**DATA:**

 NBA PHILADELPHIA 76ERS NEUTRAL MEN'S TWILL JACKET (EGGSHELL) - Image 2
---
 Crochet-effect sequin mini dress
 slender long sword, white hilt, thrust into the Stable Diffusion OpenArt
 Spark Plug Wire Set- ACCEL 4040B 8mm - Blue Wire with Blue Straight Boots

**AIM OF THE TASK:**
Would you quote everything above from the line containing "Crochet-effect sequin mini dress" down to the line containing "Spark Plug Wire"? Include both of those lines and nothing else.

**TASK OUTPUT:**
 Crochet-effect sequin mini dress
 slender long sword, white hilt, thrust into the Stable Diffusion OpenArt
 Spark Plug Wire Set- ACCEL 4040B 8mm - Blue Wire with Blue Straight Boots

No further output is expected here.